Мишка пожал плечами.
– Знаете, товарищ младший лейтенант, я стихи не очень люблю. Так только, иногда.
– А что любите?
– Романы, повести. Про войну, про любовь. Вот «Хождение по мукам», например. Хотя и понаврано там. Под конец особенно.
– Откуда знаете?
– Так мы ведь с Левкой из Одесской области.
– А при чем тут Одесская область? Балабол вы, Михаил.
– Не самый страшный грех. Жалко вот поучиться не довелось.
Разговор прекратился. По фронту зарокотали немецкие пулеметы. Прошелестели в полете снаряды. Наши пушки пока молчали, чтобы не выдать себя раньше времени. Отступившие подразделения продолжали закрепляться на новых позициях.
На флангах завязался бой. Самоходки открыли огонь по каменной ограде кладбища. «Приготовиться», – распорядился Старовольский и быстро пополз вдоль ячеек. Мишка потерся плечом о пулеметный приклад.
– Во-оздух! – пронеслось по цепи, и мы вросли телами в землю. Но прилетевшие немецкие самолеты вместо бомб засыпали нас листовками. Часть была всё о том же – товарищ Сталин сказал, но немецкие солдаты навалят… В других говорилось, как водится, про Якова Джугашвили. Упавшая на меня представляла собой обращение к рабочим: «С кем вы идете? С империалистом Черчиллем и плутократом Рузвельтом?»

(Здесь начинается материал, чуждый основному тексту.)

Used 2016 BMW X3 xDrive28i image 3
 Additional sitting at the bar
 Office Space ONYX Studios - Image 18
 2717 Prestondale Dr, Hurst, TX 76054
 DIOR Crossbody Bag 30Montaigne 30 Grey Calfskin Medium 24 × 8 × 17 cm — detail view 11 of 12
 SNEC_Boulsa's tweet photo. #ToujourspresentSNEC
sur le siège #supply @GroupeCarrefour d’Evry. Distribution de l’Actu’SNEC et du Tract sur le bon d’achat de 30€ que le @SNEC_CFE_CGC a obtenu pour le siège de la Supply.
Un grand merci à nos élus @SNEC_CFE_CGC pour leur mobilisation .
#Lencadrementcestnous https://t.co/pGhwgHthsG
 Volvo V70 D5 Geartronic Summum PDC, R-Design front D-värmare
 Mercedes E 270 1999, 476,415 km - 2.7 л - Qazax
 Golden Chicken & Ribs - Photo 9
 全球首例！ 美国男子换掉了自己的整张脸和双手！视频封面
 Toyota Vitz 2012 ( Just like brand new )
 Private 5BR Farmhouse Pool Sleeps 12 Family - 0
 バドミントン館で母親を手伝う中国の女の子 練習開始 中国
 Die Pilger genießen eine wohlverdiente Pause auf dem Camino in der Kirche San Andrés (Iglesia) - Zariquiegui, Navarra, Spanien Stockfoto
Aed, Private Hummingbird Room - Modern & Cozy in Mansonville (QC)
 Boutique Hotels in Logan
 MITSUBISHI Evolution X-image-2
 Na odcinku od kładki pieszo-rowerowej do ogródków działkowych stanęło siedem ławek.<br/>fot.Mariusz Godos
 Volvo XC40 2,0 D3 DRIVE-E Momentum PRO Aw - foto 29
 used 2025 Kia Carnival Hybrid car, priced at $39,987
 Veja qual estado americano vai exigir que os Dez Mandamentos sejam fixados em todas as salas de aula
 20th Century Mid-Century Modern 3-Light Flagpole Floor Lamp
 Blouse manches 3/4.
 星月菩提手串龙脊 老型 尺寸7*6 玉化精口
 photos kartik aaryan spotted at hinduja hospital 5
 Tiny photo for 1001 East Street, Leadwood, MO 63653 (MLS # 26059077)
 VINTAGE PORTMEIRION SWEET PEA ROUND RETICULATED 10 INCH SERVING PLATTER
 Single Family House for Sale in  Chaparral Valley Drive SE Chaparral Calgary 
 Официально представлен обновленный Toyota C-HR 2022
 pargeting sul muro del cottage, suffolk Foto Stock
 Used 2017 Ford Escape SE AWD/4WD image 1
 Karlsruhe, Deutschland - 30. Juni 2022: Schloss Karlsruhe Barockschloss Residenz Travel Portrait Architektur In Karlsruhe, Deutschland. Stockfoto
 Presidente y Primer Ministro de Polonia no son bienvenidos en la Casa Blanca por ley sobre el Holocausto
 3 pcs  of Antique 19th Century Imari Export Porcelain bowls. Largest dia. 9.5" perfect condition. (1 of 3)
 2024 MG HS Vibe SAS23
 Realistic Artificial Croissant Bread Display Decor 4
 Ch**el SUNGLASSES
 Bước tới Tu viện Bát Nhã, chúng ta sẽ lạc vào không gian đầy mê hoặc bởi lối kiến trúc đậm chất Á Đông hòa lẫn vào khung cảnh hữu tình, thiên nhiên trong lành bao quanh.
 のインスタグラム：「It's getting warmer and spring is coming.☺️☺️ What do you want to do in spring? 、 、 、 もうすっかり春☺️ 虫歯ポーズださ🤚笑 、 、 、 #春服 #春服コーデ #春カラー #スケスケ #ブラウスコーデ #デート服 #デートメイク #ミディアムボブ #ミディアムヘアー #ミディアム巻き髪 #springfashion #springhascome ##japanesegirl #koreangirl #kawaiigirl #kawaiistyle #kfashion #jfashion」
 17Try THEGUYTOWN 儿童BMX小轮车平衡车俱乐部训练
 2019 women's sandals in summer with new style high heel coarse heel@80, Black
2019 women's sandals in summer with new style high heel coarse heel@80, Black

– Богатый нынче репертуар, – прокомментировал Шевченко. – Еще немного, и они начнут за советскую власть агитировать.
Новая группа самолетов немедленно приступила к бомбежке. За ней, без паузы, в атаку пошла пехота. В первую, вторую, третью. Болело плечо, горели глаза, саднило от тола горло, ранило Ляшенко, по соседству убило незнакомых мне ребят, в клочья разорвало незнакомого моряка, который действительно был младшим политруком. Мы кричали, ползли, поднимались. Хуже всего, что снова кончались патроны.
– Слушай, какое сегодня число? – спросил я у Мишки, роняя голову на землю, твердую, как камень, и горячую, как печка. Радуясь темноте, ожидая недолгой прохлады, лишившись последних сил и почти не соображая.
– А хрен его знает, товарищ красноармеец. Да и какая нам, к черту, разница?
Разницы не было никакой. Но всё же они не прошли.